++++ DATASET ENTRIES ++++
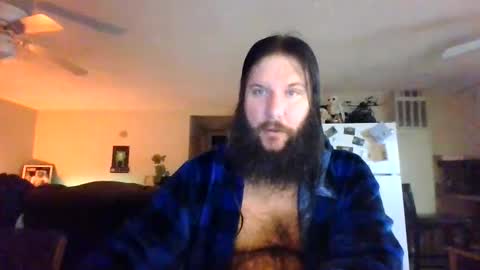 Snapshot of mudge chatting on January 3, 2025, 5:39 am Mudge online show from January 3, 2025, 5:39 am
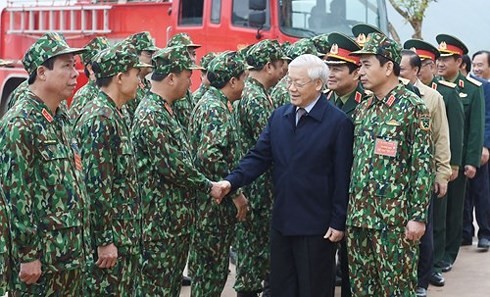 Tổng Bí Thư Nguyễn Phú Trọng kiểm tra công tác huấn luyện tổng hợp, sẵn sàng chiến đấu năm 2017 - ảnh 1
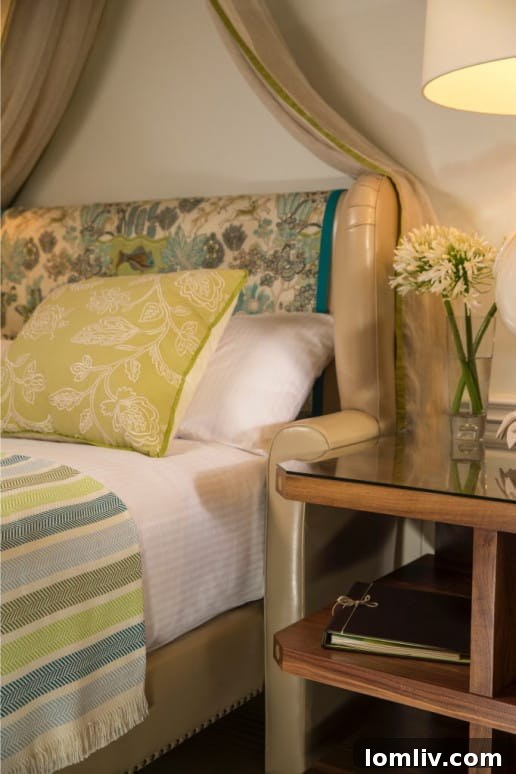 ROOM_AT_LAKE_AUSTIN_SPA__PHOTOGRAPH_BY_STEWART_COHEN-516x774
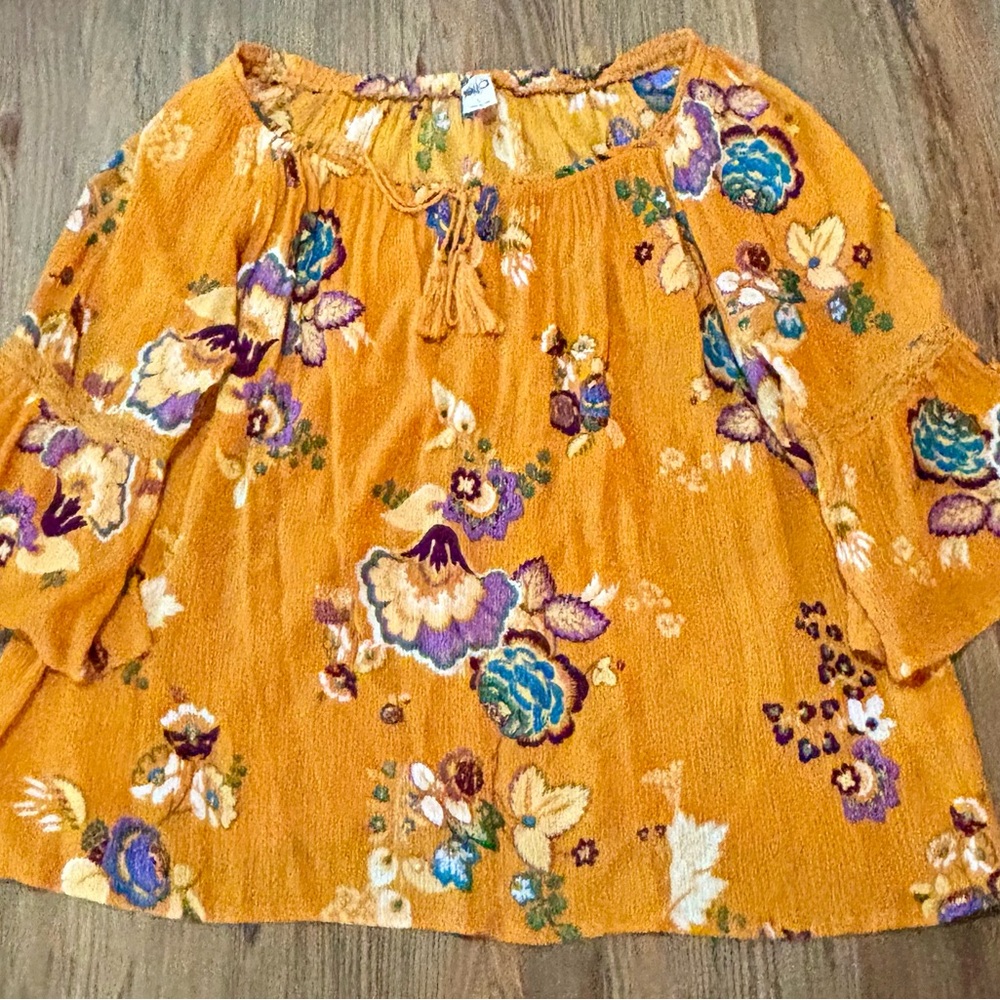 Bila women’s blouse large mustard/floral boho style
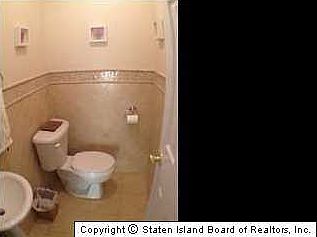 5th image of 325 Hamden Ave #1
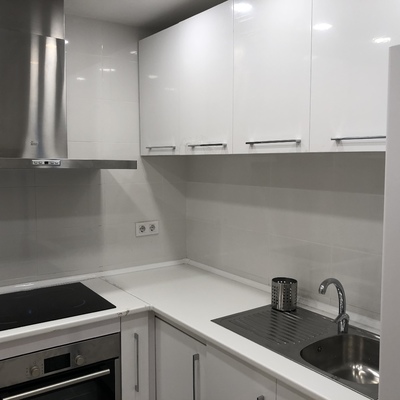 Cocina con campaña extractora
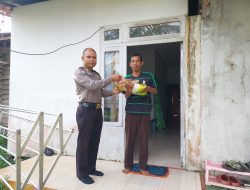 Jum’at Berkah, Bhabinkamtibmas Polsek Delta Pawan Polres Ketapang Berikan Sembako Kepada Warga Yang Kurang Mampu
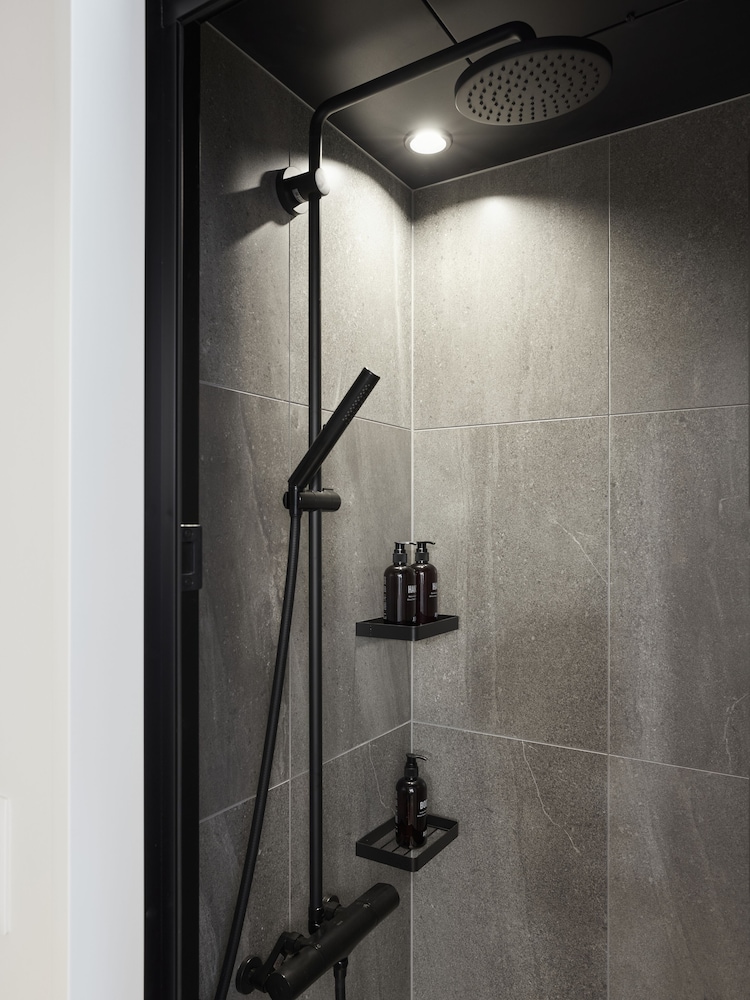 ルーム シングルベッド 2 台 (Comfy) バスルームのシャワー0 | ASAI 京都四条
++++
> **AIM OF THE TASK**
Every line from the one containing "5th image of 325 Hamden Ave #1" through the last line of the records is to be reproduced exactly, with pictures left out and nothing else given.

> **RESULT OF THIS TASK**
 5th image of 325 Hamden Ave #1
 Cocina con campaña extractora
 Jum’at Berkah, Bhabinkamtibmas Polsek Delta Pawan Polres Ketapang Berikan Sembako Kepada Warga Yang Kurang Mampu
 ルーム シングルベッド 2 台 (Comfy) バスルームのシャワー0 | ASAI 京都四条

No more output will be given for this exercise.